With GDPR less than five months away, how prepared is your organisation? What is your biggest worry or concern regarding the regulation?
My biggest worry is that we continue to spread fear, uncertainty and doubt about it, and not actually start addressing it. Much of it is common sense, much of it should be covered by either a security programme or even a sense of morality, and the legal framework should be addressed by the legal profession and not security teams. Any organisation who has a strong working relationship with their legal counterparts should be in a good position on GDPR (especially, if like me, the legal team own it!).
What’s your worst security nightmare? What would be your plan to prevent and mitigate it?
A vulnerability that affected every single modern CPU in every device that has one, going back decades and without a solid hardware fix on the roadmap for 1-2 years. Or has that already happened?
How often do you have to report to the boardroom level? In light of the major attacks in 2017, have they become more responsive and shown a better understanding of the work you and your team do?
Regularly, but also as needed. This has ranged from every few weeks to every quarter. There are a variety of factors that have allowed us to communicate more frequently and effectively ranging from what has been reported in the press through to the questions we have asked. Despite everything I have said above, it is getting better for us as an industry!
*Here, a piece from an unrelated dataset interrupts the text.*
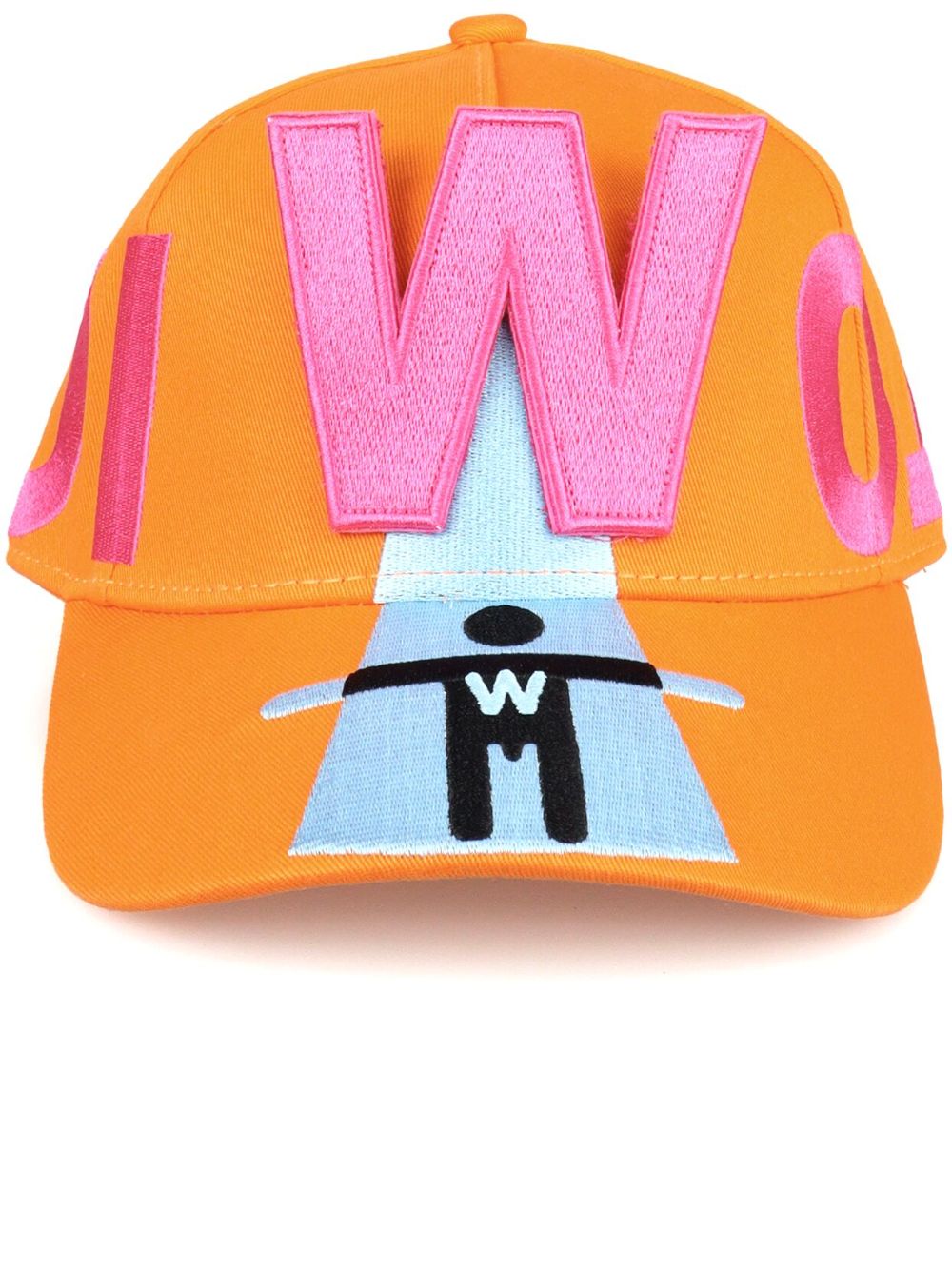 Walter Van Beirendonck Atomic 棒球帽 - 橘色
Social media is everywhere. So how much of it is a security issue in the workplace? Have you had to run training exercise plans for employees within your organisation?
Social media is like any other medium of sharing information and should be addressed accordingly. In some organisations, a kind of use of social media, email, internet browsing etc is not allowed, and in others, it is wide open. The approach needs to be appropriate for the environment and culture, and then training and awareness given in line with the approach.
What would be your no.1 piece of cyber security advice as we begin 2018?
Don’t click anything, and if in doubt report it!